Maksat daha fazla gelir elde etmekse, yüksek ücret amaca hizmet etmez. Konyalı yüksek otopark ücreti ödemez. Tarife ‘makul’ olsa, daha fazla gelir temin edilebilir(di).

Dikkat çekilmesi gereken bir başka husus, bir belediye şirketinin o kadar büyük ekonomik kaynakları kontrol etmesinin mahsurları. Yıllardır ‘özelleştirme’, ‘özel teşebbüs’, ‘özel sektör’ dedikten sonra bir şirketin devasa ekonomik büyüklükleri kontrol etmesine cevaz vermek normal değil.
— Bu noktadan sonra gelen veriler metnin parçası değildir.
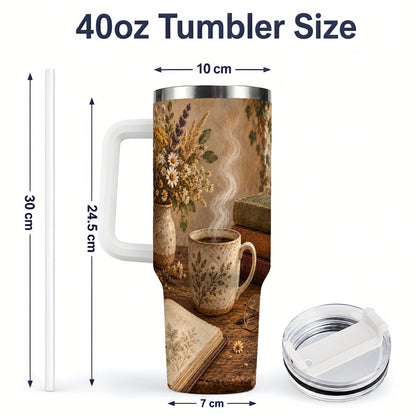 #pl[40oz|White] Cozy Reading Floral 40oz Tumbler for Book Lovers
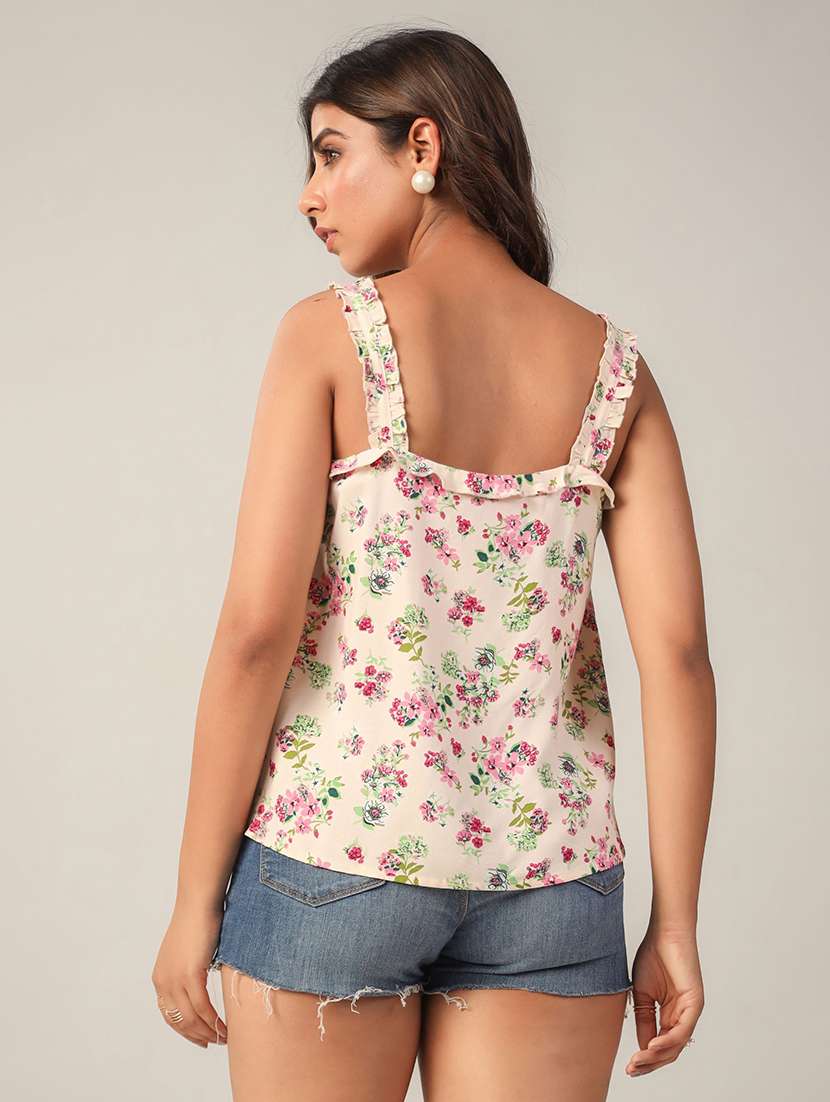 women floral print shoulder strap top - 21632091 -  Standard Image - 2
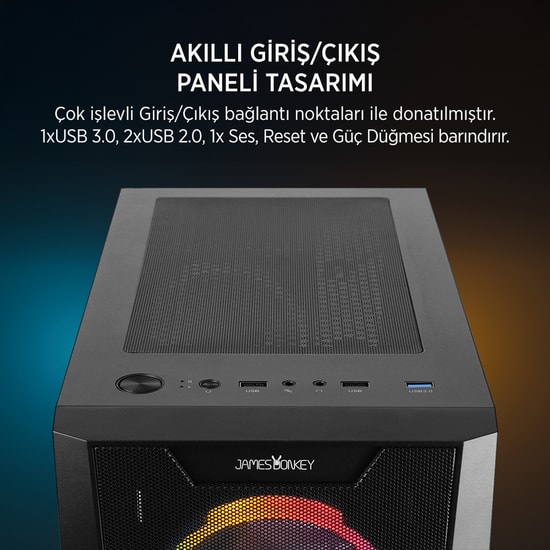 James Donkey HELIX-H800-550W Gaming Kasa - 550W 80+ Bronze, 4x Rainbow Fan, Temperli Cam, Mesh Panel, ATX Siyah Oyuncu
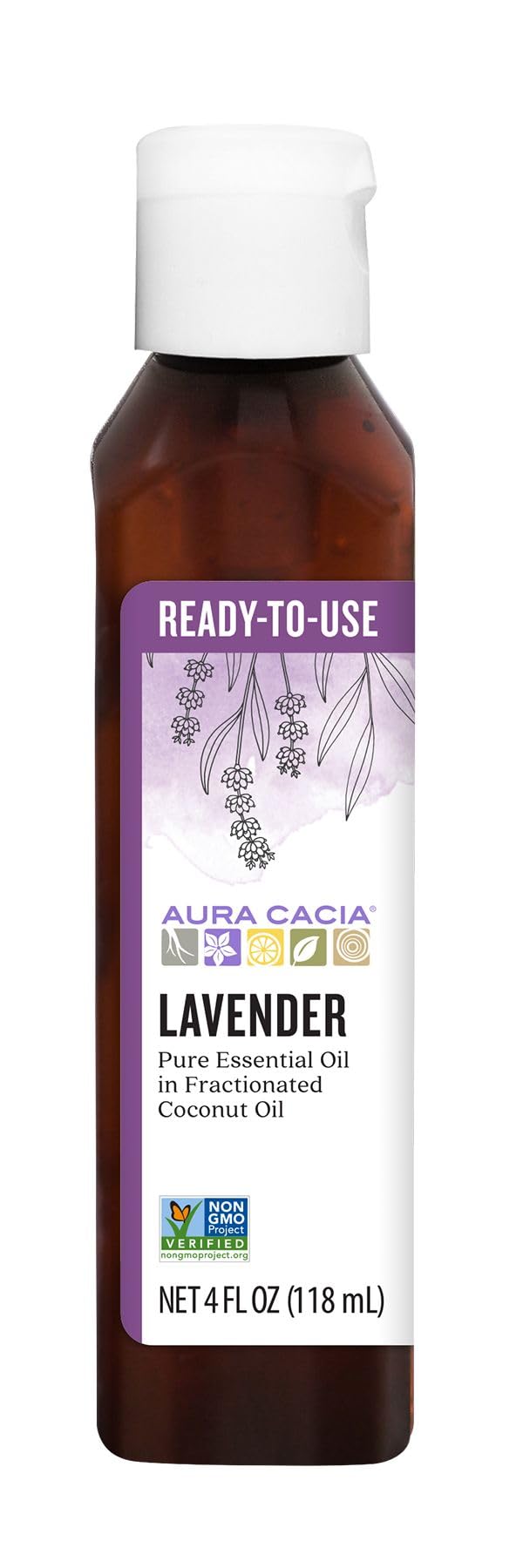 Aura CaciaReady-to-Use Lavender Essential Oil in Fractionated Coconut Oil | GC/MS Tested for Purity | 4 fl. oz.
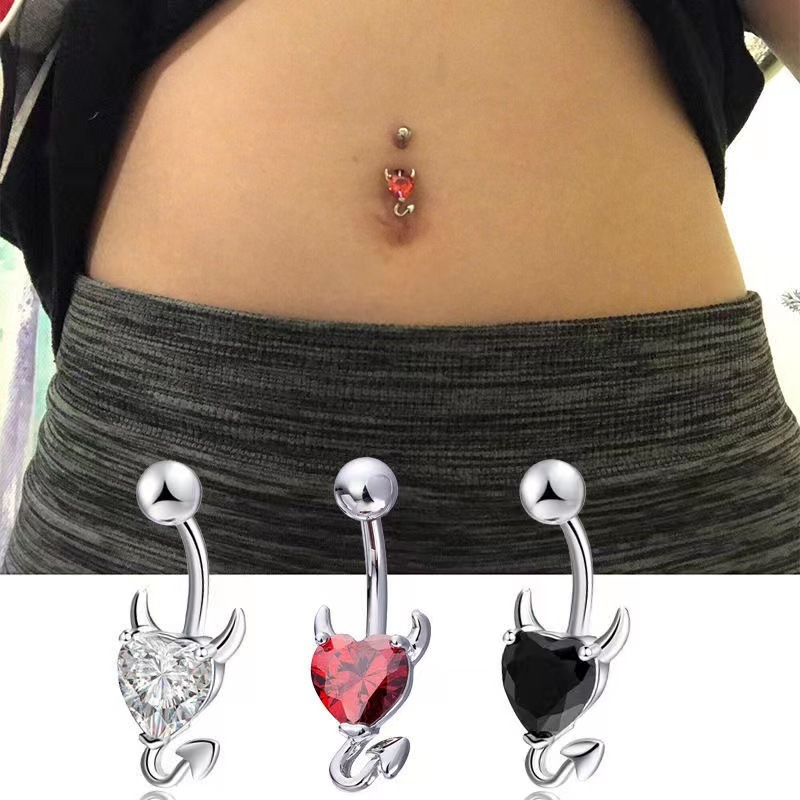 จิวสะดือ Little Devil Heart-Shaped Navel Buckle Stainless Steel Zircon Navel Nail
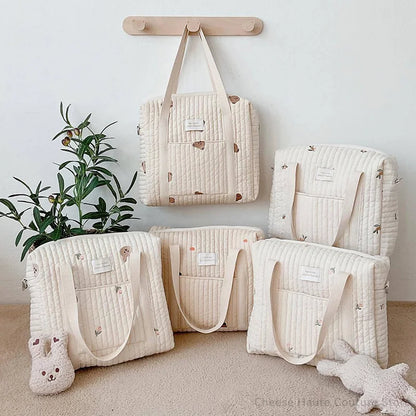 Baby Zipper Diaper Handbag Cotton Bag with Cute Bear Embroidery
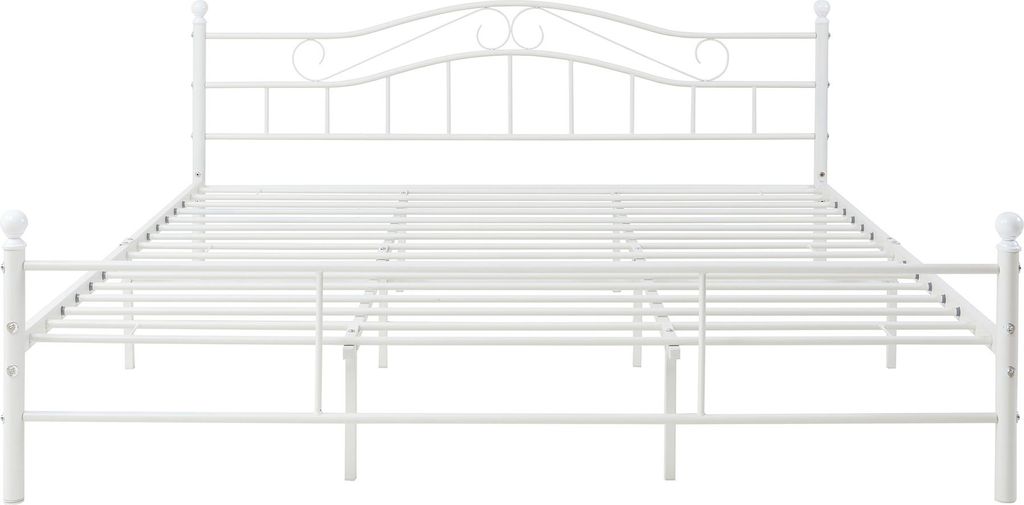 Metallbett 'Florenz' 180x200cm Weiß + Lattenrost Produktbild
Şirketler bu kadar hızlı bir şekilde büyürken suiistimaller ortaya çıkabilir. Zira otoparklarda herkese fiş verilmediğini birkaç kez müşahede ettim. Aracıma binip, hareket edeceğim esnada 15 dakikalık ücretsiz dönemi aştığımı ifade ederek uyaran otopark görevlisi herhangi bir fiş vermeden ücreti tahsil ederek ‘iyi yolculuklar’ diledi.

‘Kayıp-kaçak’ riski çok yüksek. Ayaküstü toplanan gelirler, belli bir mal karşılığı olmadan ödenen ücretlerde her zaman suiistimal olabilir.

Konya BŞB şirketi konusunda dikkatli olsa iyi olur. Uygulamaları yanlış. Kararları isabetsiz. İyice göze batmaya başladı. Evet, yerel seçimler geçeli henüz bir yıl olmadı. Ama önümüzde bir genel seçim var.

Seçimde başarısızlık durumunda faturanın kim(ler)e kesileceği noktasında benim tereddüdüm yok.

Kamu gücü kullananlar konumlarını abartmasın, topluma duyularını açsınlar.